▶ What the exercise asks
Begin at the first line below and copy each line exactly, ending with the line where "PRESTIGE MIXER GRINDER" appears.

Stored dataset items
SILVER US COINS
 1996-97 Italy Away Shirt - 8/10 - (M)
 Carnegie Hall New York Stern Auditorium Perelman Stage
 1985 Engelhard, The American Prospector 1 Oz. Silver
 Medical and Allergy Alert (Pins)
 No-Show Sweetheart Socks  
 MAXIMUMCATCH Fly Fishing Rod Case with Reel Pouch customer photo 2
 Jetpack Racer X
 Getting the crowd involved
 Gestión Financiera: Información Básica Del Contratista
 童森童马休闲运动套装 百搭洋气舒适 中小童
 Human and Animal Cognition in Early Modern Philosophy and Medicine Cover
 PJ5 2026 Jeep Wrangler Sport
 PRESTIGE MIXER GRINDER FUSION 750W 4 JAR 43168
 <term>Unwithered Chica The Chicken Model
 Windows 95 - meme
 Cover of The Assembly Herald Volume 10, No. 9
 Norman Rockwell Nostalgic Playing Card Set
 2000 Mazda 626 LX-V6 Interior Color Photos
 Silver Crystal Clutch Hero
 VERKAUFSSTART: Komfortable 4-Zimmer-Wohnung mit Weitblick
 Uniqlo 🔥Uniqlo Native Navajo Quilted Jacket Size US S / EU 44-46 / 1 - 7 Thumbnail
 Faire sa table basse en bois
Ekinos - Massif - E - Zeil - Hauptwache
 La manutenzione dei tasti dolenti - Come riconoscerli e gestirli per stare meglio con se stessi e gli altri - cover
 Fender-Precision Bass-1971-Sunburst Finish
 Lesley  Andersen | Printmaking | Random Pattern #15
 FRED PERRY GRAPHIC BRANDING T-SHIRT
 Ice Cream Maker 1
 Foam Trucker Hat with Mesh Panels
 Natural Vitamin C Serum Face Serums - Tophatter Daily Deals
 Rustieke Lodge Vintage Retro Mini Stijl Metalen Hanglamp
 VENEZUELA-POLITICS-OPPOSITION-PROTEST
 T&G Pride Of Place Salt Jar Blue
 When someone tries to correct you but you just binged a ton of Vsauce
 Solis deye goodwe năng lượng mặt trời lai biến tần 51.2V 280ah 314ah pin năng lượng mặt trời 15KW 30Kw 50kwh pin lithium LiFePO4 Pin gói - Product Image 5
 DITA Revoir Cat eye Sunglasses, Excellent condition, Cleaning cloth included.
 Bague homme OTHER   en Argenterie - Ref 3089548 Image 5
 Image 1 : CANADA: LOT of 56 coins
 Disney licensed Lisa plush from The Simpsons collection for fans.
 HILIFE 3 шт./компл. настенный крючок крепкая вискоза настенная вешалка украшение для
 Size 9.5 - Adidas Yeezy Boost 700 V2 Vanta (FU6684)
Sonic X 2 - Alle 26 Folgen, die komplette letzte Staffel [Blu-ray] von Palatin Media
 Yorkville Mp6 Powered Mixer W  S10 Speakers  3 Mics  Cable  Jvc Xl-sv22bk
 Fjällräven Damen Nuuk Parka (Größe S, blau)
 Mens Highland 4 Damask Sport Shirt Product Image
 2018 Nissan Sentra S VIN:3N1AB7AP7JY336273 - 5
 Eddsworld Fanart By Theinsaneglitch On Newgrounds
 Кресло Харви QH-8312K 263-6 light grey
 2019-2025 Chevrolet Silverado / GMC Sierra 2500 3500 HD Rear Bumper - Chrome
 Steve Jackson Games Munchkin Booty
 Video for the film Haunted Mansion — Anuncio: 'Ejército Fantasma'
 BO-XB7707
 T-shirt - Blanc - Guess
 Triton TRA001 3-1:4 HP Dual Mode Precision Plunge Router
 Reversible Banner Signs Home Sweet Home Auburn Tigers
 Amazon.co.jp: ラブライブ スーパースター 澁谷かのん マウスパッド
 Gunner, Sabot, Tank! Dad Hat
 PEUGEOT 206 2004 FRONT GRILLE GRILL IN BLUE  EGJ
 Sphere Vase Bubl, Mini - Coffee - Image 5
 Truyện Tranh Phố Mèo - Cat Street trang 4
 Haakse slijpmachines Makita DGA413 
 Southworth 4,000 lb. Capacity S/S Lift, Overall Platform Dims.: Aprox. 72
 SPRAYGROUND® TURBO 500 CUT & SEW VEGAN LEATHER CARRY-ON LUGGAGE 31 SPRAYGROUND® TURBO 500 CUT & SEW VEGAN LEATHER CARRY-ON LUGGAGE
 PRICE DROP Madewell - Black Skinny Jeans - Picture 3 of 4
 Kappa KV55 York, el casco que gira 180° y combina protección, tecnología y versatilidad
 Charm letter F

▶ Response for this exercise
SILVER US COINS
 1996-97 Italy Away Shirt - 8/10 - (M)
 Carnegie Hall New York Stern Auditorium Perelman Stage
 1985 Engelhard, The American Prospector 1 Oz. Silver
 Medical and Allergy Alert (Pins)
 No-Show Sweetheart Socks  
 MAXIMUMCATCH Fly Fishing Rod Case with Reel Pouch customer photo 2
 Jetpack Racer X
 Getting the crowd involved
 Gestión Financiera: Información Básica Del Contratista
 童森童马休闲运动套装 百搭洋气舒适 中小童
 Human and Animal Cognition in Early Modern Philosophy and Medicine Cover
 PJ5 2026 Jeep Wrangler Sport
 PRESTIGE MIXER GRINDER FUSION 750W 4 JAR 43168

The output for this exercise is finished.